## Task requirements
If pictures appear in the lines below, skip them and copy exactly the lines from the one containing "Bateaux amarrés dans" through the one containing "122 Hanover Pl, Oak Ridge, TN 37830", and nothing else.

## Recorded data
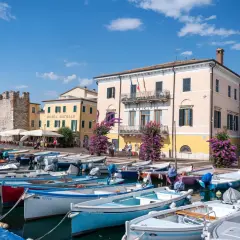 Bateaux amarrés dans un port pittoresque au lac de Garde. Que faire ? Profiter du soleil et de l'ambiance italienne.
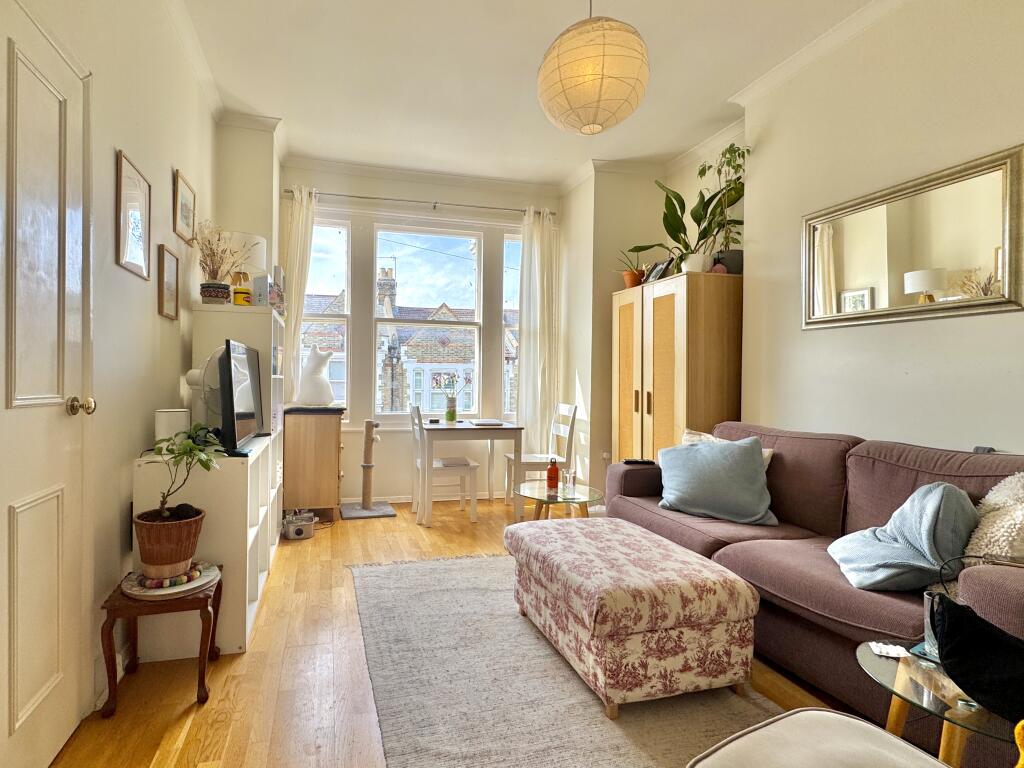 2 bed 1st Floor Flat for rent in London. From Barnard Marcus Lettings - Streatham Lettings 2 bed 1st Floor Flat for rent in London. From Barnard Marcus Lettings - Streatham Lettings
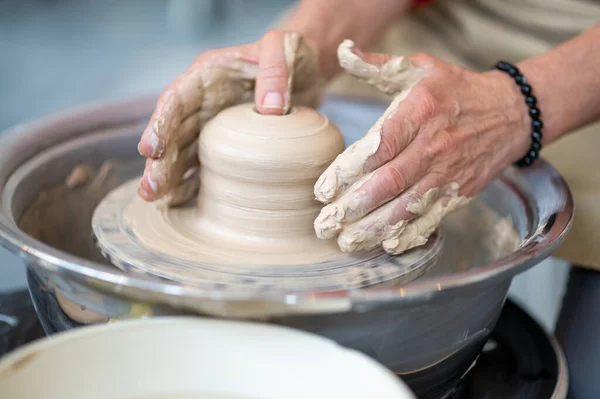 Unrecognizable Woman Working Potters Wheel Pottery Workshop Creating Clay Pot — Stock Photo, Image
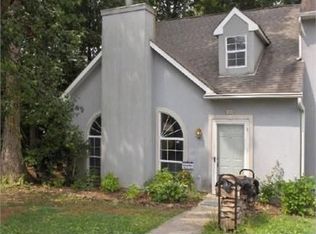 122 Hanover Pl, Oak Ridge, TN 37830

---

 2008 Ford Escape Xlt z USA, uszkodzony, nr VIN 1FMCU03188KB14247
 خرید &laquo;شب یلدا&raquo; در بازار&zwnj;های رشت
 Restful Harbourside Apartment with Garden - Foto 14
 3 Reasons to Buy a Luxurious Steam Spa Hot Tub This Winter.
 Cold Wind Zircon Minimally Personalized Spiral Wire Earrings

...

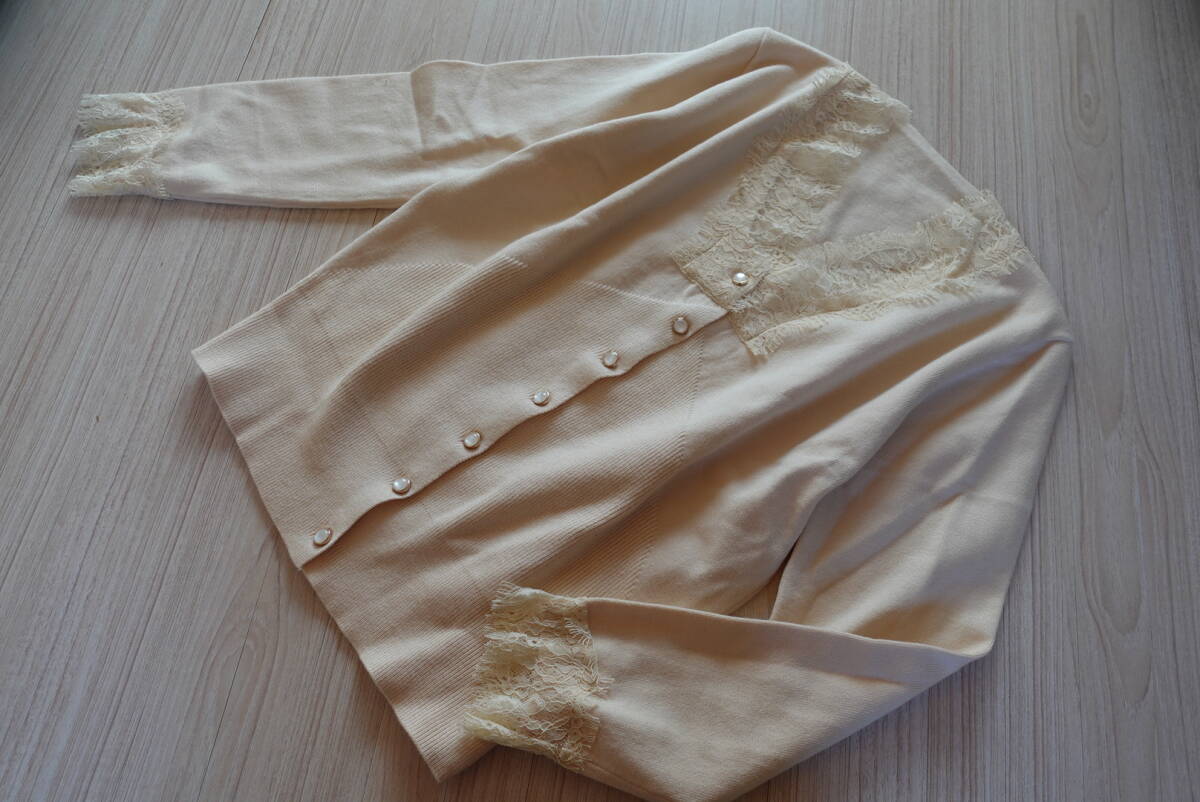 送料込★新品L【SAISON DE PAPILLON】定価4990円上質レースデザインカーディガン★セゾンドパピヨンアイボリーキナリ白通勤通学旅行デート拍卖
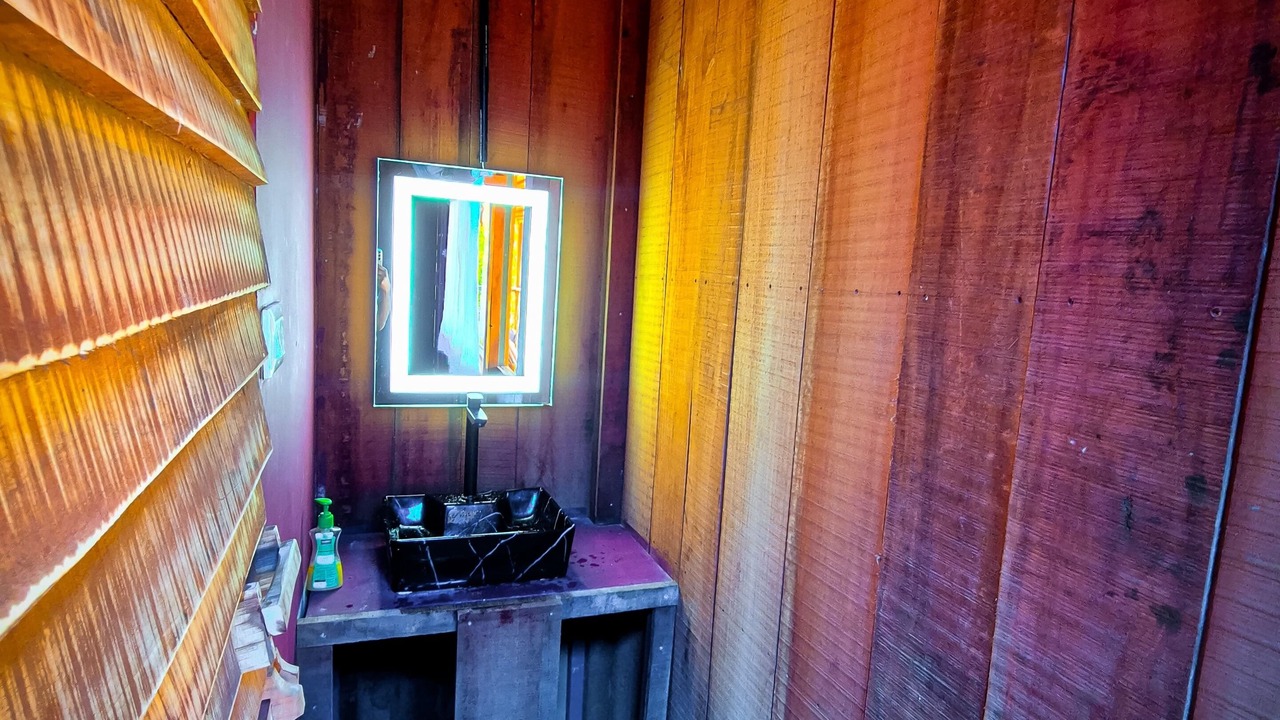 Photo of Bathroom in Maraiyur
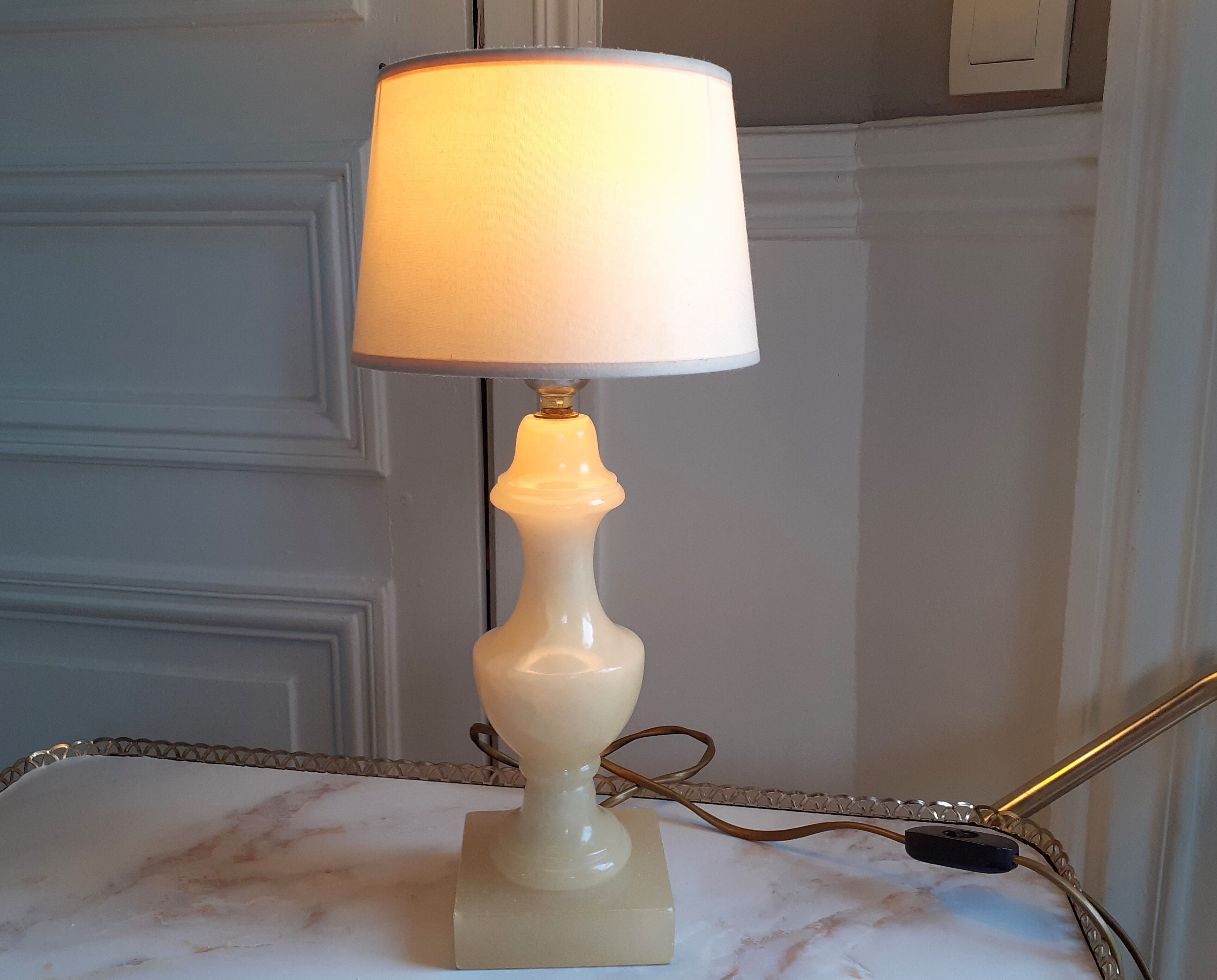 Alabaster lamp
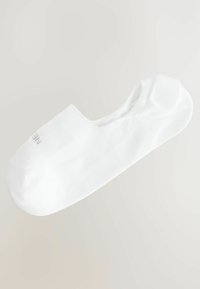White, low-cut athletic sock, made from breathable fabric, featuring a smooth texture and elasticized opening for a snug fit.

## Expected answer
 Bateaux amarrés dans un port pittoresque au lac de Garde. Que faire ? Profiter du soleil et de l'ambiance italienne.
 2 bed 1st Floor Flat for rent in London. From Barnard Marcus Lettings - Streatham Lettings 2 bed 1st Floor Flat for rent in London. From Barnard Marcus Lettings - Streatham Lettings
 Unrecognizable Woman Working Potters Wheel Pottery Workshop Creating Clay Pot — Stock Photo, Image
 122 Hanover Pl, Oak Ridge, TN 37830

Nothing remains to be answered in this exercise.